In John's account of the final night before crucifixion, Jesus uses the word μέγας, "greater" six times (13:16 twice, 14:12, 14:28, 15:13, and 15:20). Three of the sayings are given in a way in which the meaning of μέγας is made evident:
Truly, truly, I say to you, a servant is not greater than his master, nor is a messenger greater than the one who sent him. (John 13:16 ESV)
You heard me say to you, ‘I am going away, and I will come to you.’ If you loved me, you would have rejoiced, because I am going to the Father, for the Father is greater than I. (John 14:28)
Remember the word that I said to you: ‘A servant is not greater than his master.’ If they persecuted me, they will also persecute you. If they kept my word, they will also keep yours. (John 15:20)
Here are the other two sayings:
“Truly, truly, I say to you, whoever believes in me will also do the works that I do; and greater works than these will he do, because I am going to the Father. (John 14:12)
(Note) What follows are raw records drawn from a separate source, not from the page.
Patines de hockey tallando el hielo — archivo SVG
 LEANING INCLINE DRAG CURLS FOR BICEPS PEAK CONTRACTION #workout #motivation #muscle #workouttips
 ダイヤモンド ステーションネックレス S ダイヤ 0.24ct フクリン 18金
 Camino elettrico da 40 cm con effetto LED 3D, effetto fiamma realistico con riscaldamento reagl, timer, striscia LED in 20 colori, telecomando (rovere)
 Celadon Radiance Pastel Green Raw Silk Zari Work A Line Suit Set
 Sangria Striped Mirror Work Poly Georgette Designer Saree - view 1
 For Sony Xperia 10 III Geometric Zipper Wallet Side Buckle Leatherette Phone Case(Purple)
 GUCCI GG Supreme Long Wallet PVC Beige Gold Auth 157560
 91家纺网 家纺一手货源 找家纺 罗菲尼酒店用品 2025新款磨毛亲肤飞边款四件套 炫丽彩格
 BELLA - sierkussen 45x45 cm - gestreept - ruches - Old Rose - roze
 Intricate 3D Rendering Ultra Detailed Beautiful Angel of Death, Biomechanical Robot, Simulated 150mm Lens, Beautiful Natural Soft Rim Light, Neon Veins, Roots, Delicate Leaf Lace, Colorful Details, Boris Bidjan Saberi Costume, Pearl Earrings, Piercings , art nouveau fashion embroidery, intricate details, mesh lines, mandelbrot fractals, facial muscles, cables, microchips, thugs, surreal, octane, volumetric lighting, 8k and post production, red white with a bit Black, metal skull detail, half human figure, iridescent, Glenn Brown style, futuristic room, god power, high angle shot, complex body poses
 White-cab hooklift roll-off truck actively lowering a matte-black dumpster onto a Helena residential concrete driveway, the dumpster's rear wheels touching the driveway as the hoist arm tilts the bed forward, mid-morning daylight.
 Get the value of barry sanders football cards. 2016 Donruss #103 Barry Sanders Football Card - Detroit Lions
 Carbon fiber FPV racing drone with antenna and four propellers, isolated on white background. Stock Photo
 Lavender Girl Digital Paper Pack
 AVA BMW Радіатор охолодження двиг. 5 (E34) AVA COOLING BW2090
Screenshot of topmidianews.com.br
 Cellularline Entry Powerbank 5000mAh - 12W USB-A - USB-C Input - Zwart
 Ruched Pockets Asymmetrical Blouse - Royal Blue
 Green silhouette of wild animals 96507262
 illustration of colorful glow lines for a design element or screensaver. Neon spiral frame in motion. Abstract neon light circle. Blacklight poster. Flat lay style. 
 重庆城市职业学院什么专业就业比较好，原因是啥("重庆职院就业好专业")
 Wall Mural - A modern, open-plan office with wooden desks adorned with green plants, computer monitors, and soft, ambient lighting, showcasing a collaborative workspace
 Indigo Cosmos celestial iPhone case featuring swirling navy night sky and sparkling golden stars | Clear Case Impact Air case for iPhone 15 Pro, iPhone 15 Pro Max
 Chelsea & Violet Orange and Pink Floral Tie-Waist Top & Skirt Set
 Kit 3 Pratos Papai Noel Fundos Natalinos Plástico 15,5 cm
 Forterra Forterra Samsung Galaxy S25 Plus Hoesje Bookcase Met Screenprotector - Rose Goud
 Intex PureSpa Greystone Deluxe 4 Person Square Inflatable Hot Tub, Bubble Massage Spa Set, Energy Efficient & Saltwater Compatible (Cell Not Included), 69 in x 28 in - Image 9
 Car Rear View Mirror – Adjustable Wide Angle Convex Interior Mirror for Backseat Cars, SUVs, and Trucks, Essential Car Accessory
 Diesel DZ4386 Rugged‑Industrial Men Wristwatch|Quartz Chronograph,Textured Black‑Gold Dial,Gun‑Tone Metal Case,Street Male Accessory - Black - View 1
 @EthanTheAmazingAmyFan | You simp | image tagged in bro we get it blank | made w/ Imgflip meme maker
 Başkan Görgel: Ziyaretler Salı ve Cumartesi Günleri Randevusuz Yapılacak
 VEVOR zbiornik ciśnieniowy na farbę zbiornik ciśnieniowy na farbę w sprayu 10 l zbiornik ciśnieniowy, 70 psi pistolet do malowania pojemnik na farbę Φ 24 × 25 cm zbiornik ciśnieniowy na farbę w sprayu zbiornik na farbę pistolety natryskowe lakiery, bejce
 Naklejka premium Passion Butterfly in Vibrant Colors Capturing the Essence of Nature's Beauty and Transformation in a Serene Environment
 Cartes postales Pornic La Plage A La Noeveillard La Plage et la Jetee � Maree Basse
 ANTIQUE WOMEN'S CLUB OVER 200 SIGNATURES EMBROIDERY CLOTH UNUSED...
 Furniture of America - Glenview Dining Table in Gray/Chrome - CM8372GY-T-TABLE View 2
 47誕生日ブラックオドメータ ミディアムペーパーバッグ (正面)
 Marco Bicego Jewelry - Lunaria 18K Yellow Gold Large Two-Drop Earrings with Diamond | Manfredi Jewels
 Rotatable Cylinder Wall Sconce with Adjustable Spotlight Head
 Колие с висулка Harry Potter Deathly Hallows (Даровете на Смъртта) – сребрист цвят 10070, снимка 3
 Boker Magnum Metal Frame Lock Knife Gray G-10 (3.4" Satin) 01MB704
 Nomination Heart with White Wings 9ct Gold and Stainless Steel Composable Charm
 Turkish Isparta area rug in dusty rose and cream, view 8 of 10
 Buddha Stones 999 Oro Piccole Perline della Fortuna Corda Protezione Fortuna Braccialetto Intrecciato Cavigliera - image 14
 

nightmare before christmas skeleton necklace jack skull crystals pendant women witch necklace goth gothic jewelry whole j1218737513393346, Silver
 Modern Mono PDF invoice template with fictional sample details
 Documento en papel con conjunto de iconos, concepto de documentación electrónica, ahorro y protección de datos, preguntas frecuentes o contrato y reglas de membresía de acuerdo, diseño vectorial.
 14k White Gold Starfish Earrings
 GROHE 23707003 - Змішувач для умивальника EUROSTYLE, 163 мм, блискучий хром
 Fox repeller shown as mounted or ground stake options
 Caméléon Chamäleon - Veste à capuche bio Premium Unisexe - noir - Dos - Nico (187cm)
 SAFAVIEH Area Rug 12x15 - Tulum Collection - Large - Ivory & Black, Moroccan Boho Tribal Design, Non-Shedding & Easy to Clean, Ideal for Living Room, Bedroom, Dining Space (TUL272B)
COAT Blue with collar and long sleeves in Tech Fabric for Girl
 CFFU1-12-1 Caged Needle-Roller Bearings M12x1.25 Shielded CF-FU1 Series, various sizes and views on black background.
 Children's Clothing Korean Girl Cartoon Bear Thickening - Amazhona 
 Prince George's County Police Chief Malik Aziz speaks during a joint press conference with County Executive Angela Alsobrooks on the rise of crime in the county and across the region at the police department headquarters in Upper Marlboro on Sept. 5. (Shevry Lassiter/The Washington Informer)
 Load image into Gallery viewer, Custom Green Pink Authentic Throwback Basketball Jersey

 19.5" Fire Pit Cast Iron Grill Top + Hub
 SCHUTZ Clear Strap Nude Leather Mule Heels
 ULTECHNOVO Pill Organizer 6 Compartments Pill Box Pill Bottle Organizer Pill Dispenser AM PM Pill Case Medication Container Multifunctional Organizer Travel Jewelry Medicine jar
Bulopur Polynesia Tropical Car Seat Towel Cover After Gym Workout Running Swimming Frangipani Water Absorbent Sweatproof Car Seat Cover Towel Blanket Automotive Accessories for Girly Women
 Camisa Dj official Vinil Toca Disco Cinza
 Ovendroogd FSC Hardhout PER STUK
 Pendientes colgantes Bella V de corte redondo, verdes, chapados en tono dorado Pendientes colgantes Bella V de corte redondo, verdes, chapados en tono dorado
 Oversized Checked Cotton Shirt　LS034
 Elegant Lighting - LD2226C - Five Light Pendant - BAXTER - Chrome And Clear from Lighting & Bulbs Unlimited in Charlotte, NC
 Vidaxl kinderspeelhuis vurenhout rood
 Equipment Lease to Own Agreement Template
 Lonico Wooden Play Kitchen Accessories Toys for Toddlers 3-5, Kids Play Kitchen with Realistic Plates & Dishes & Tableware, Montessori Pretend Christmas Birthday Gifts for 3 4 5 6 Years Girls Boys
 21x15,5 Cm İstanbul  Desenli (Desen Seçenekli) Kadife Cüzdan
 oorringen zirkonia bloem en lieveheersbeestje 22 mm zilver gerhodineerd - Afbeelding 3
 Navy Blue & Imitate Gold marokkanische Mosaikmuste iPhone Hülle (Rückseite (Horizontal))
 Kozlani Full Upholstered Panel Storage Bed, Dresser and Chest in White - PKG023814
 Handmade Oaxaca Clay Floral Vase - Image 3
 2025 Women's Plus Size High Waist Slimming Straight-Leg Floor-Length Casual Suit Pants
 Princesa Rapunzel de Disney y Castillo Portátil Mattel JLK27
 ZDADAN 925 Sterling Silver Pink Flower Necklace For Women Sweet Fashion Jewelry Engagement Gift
Greater love has no one than this, that someone lay down his life for his friends.
My question is about the significance of greater love.
Not long after making these statements, Jesus did lay His life down for His friends. In fact, if the New Testament is believed, Jesus not only laid His life down for His friends, but for all people including those who condemned Him, those who tortured Him, even those who killed Him. It seems without question Jesus demonstrated the greater love of which He spoke.
Jesus says His Father is greater than Him so does Jesus' death show that His love for those for whom He died was greater than His Father's?